Citizens, as you know, your Generalissimo is an international man of mystery, traveling throughout the world to attend the conclaves of the secret and the powerful.
Yesterday, I returned from a memorable stay in Amsterdam, at the legendary Waldorf Astoria hotel where I was privileged to experience one of the finest stays of my life, and I have stayed in the world’s best lodging establishments.
Quite literally, the staff defines professionalism and excellence and the rooms, service and location are all beyond compare – and the food!
The food!!! 🙂
I had the opportunity to experience one of Holland’s most famous appetizers while staying there, a savory delicacy known as bitterballen in Dutch.
It’s basically deep-fried gravy – and yes, it’s as good as it sounds!
Bitterballen (plural of bitterbal) are a Dutch meat-based snack, typically containing a mixture of beef or veal (minced or chopped), beef broth, butter, flour for thickening, parsley, salt and pepper, resulting in a thick roux.
Most recipes include nutmeg and there are also variations utilizing curry powder or that add in finely chopped vegetables such as carrot.
The ingredients are combined and cooked, then refrigerated for the mixture to firm up. Once firm, the filling is rolled into balls roughly 3 to 4 cm in diameter, then battered in a breadcrumb and egg mixture and deep-fried. They are typically served with a ramekin or small bowl of mustard for dipping.
They are also eaten in Suriname, the Netherlands Antilles, the Netherlands, Belgium, and to some degree in Indonesia. The bitterbal derives its name from a generic word for certain types of herb-flavoured alcoholic beverages, called a bitter in Dutch, and are popularly served as part of a bittergarnituur, a selection of savory snacks to go with drinks, at pubs or at receptions in the Netherlands.
I was so impressed by the dish I imposed on the chef of the hotel to share his recipe with me so I can in turn share it with you, Citizens!
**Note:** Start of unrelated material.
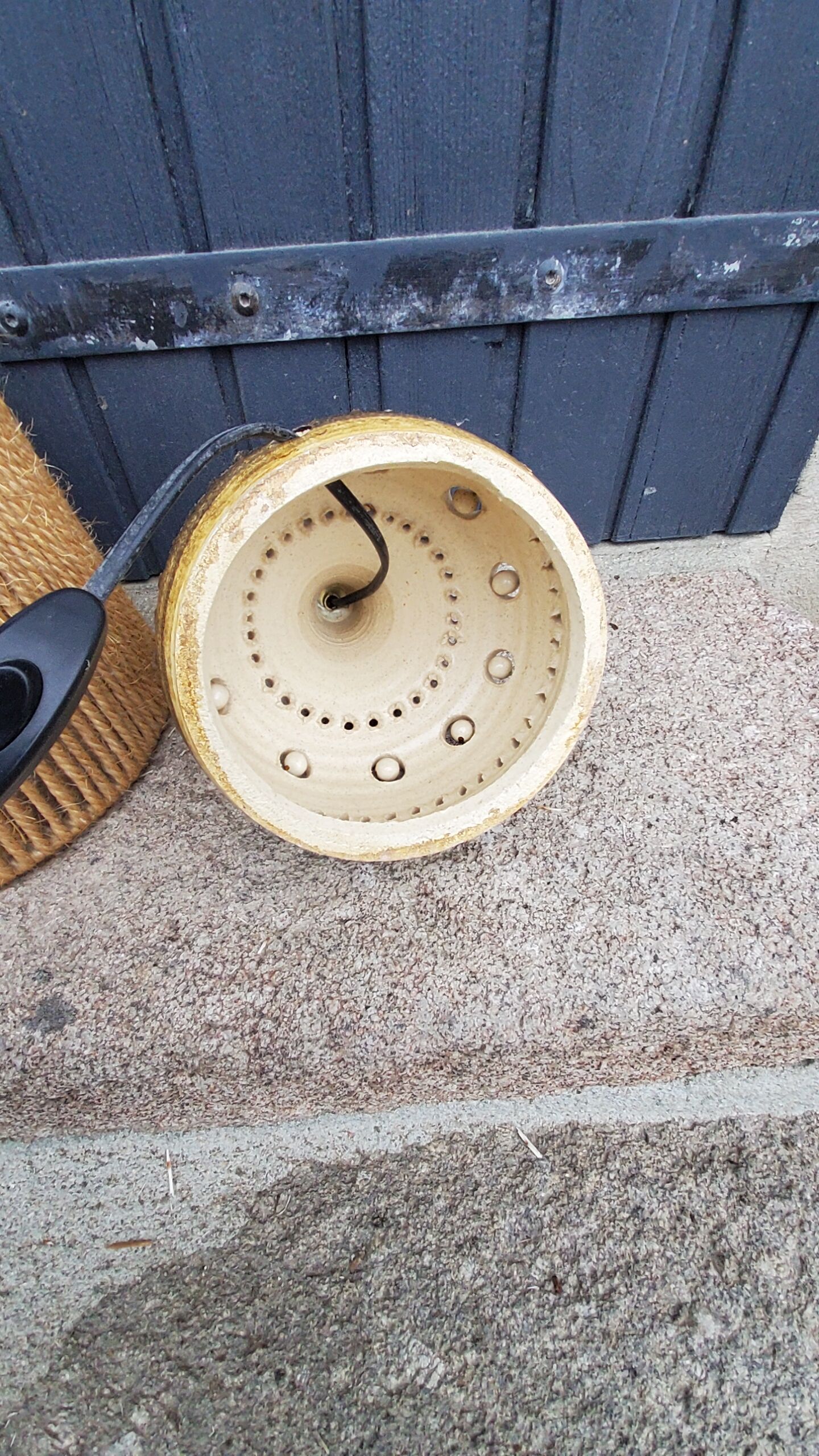 Georges Pelletier's ceramic lamp rope lampshade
Should you ever find yourselves fortunate enough to be in Amsterdam, the Venice of the North, you MUST stay at the Waldorf if it is within your means! This recipe is credited to Chef Tomas Bron of the hotel, and makes 50 bitterballen – feel free to halve the recipe as needed.
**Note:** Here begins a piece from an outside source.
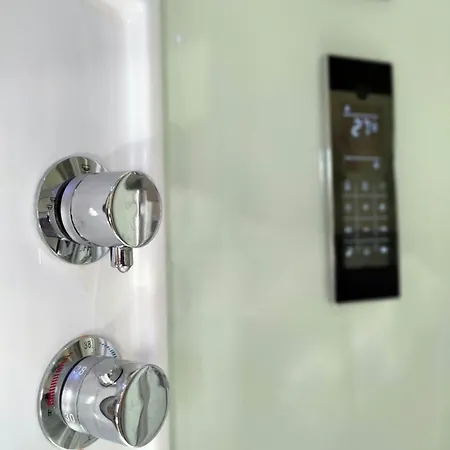 아파트 Parcheggio Gratuito, All'arco D'augusto, Chentre En *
Try this, Citizens – you will not be disappointed in the results and will in fact almost certainly have a new favorite dish! One warning – bitterballen are molten lava-levels of hot when they come out of the fryer, eat with extreme caution at the beginning or let them cool down.
Battle on – The GeneralissimoPrint
• 1 kg stewing beef
• 1 onion
• ½ teaspoon black peppercorns
• 1 bay leaf
• 2 cloves
• A few sprigs of thyme
• For the roux:
• 100 g butter
• 120 g flour
• 2 shallots, chopped
• 500 ml milk
• 500 ml beef stock (made from cooking the meat)
• 5 sheets gelatine
• Salt, pepper and a little nutmeg, to taste
• 1 bunch flat-leaf parsley, finely chopped
• For the breading:
• Flour, egg and fresh breadcrumbs
- Place the beef in a large pan with just enough water to cover the meat. Bring to a simmer. Skim off the foam and add the onion, peppercorns, bay leaf, cloves and thyme. Allow to simmer for a few hours until the meat is tender.
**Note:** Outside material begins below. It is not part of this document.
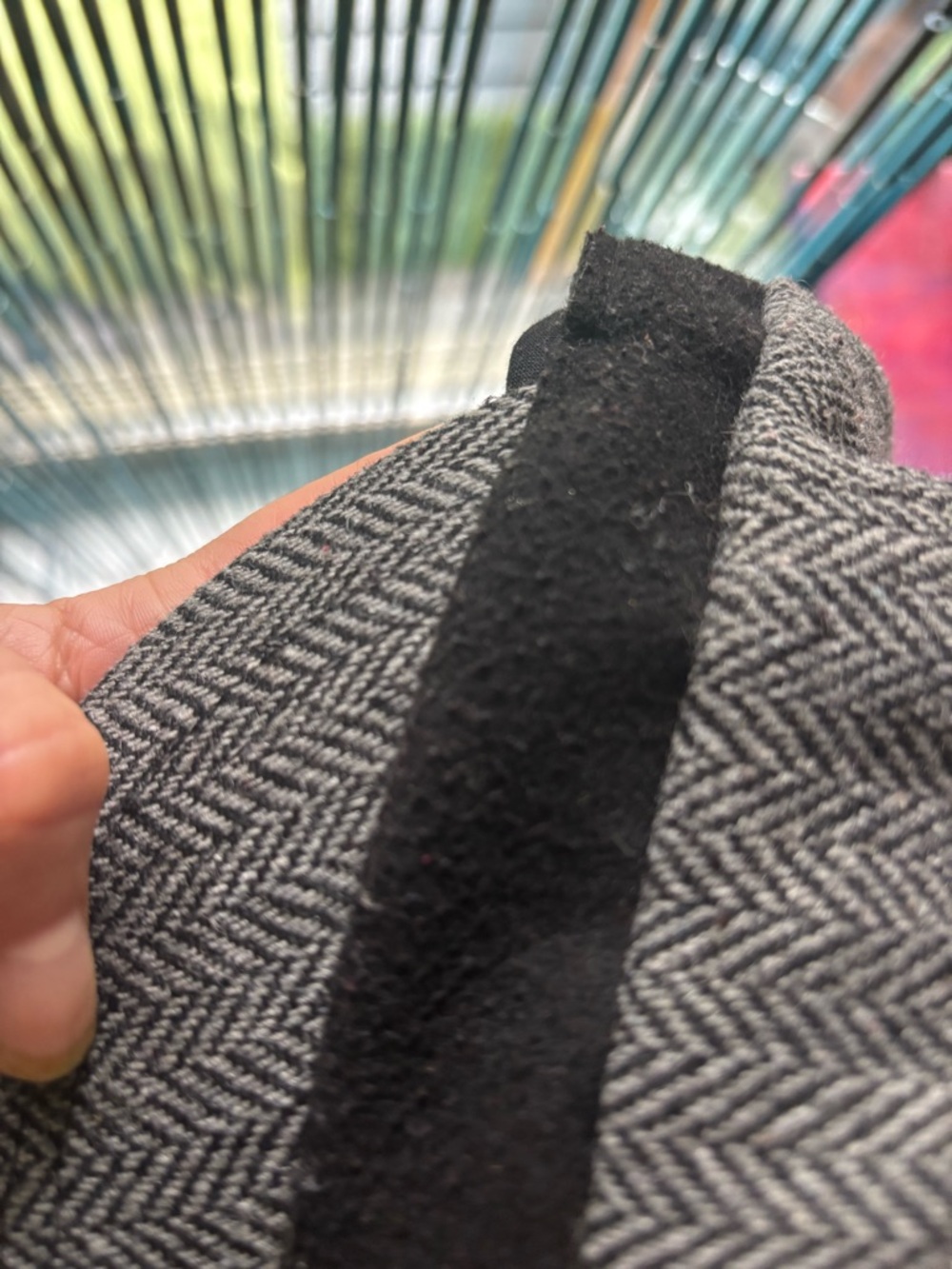 Smart Set Newsboy Cap • Grey Herringbone Hat • Black Band & Bow • Classic Chic - Picture 4 of 5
- Strain the beef stock and set aside to use later. Allow the meat to cool. Cut the beef into small cubes.
- Make a roux with the butter, flour and chopped shallots.
- Use the roux to make a salpicon by adding the milk and the beef stock. Let it simmer for half an hour, stirring thoroughly.
- Dissolve the gelatine in cold water and add to the simmering salpicon, stirring regularly. Add the rest of the ingredients and the beef. Cover with plastic wrap and let the salpicon cool in the refrigerator.
- Roll heaped teaspoons of the mixture into neat, even-sized balls.
- Bread them twice.
- Deep-fry at 180 degrees celsius (TFD note – serve with top-quality mustard!)